## Your task
Return only the lines below starting at the line containing "Rotating Full Length Mirror Solid Wood" and ending at the line containing "WD4000FYYZ enterprise drive", both included, exactly as they are and with no pictures.

## Information
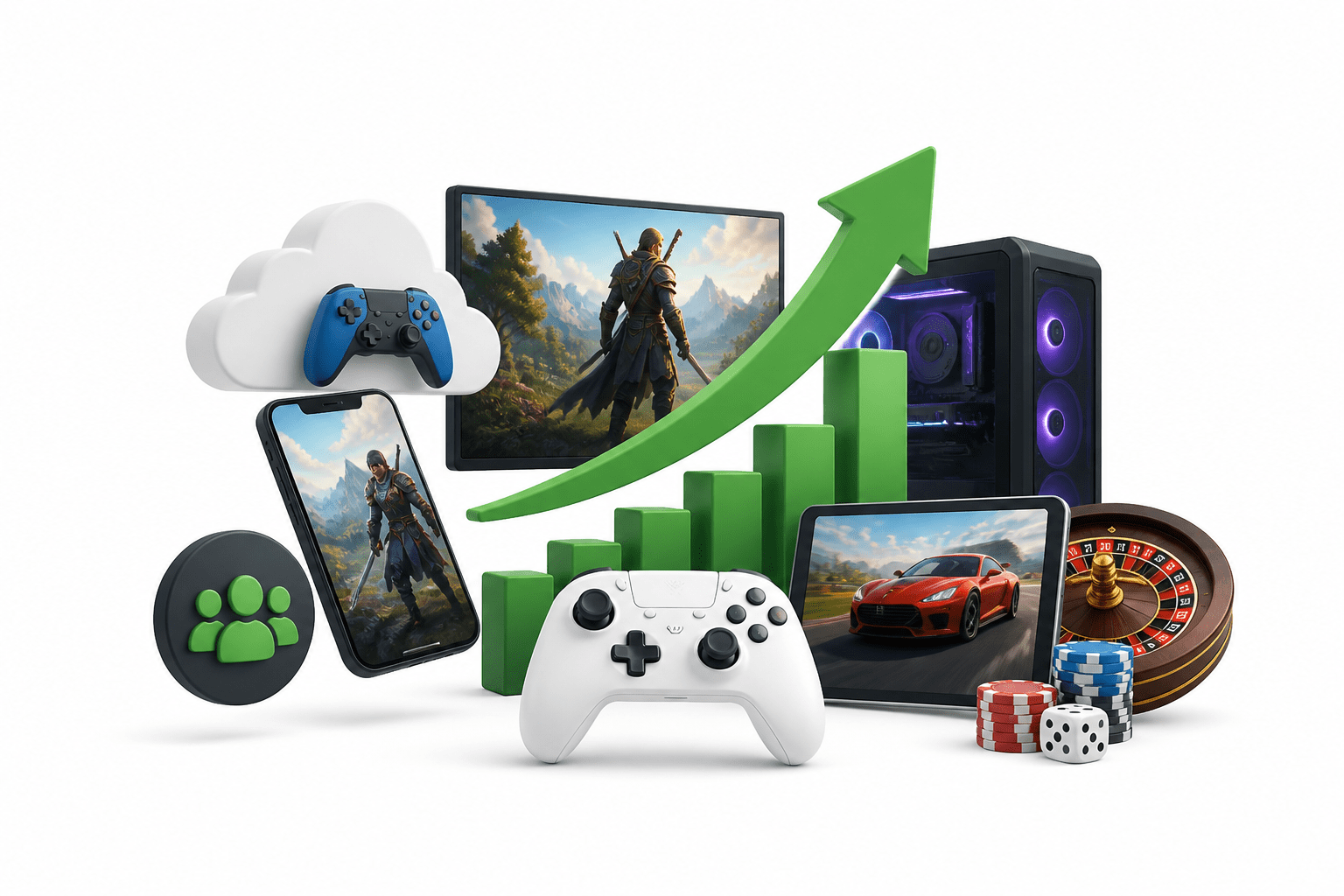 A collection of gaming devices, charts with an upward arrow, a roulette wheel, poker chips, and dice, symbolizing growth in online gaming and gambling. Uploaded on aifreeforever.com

* * *

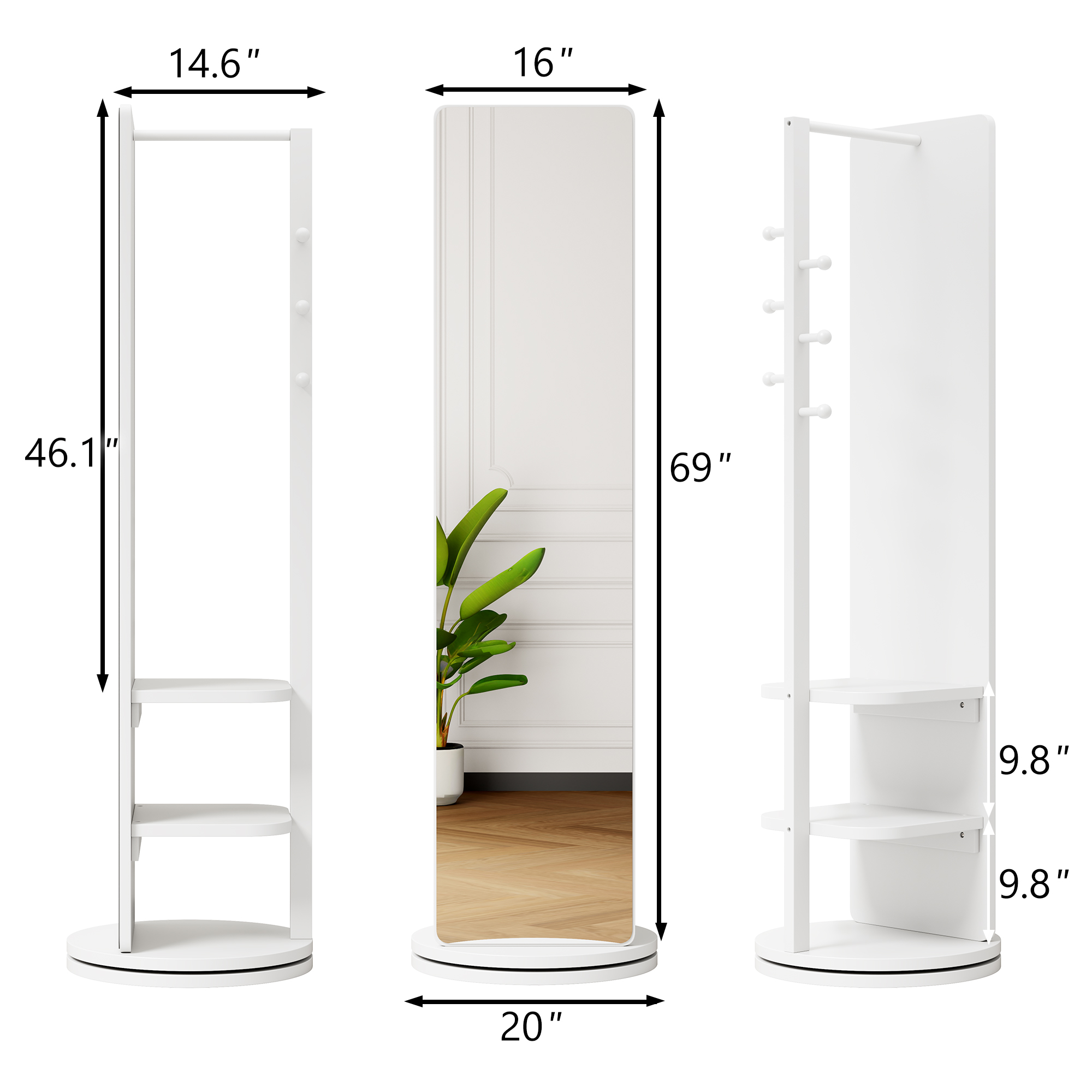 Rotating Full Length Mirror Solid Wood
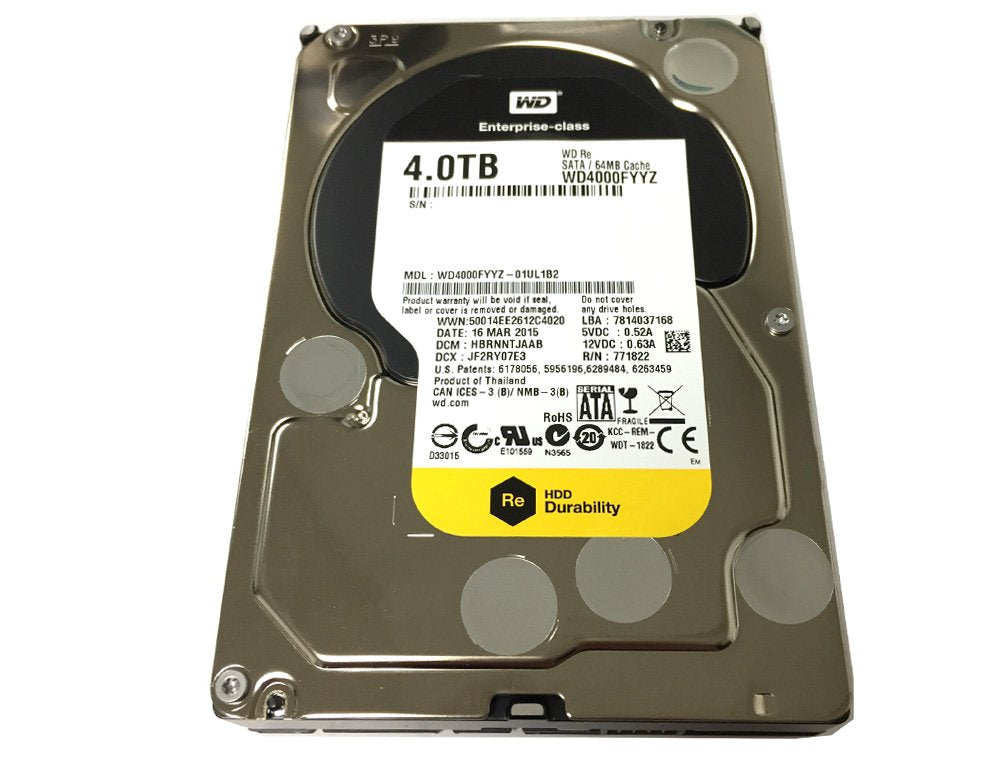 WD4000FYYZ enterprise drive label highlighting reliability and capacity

## Result of the task
 Rotating Full Length Mirror Solid Wood
 WD4000FYYZ enterprise drive label highlighting reliability and capacity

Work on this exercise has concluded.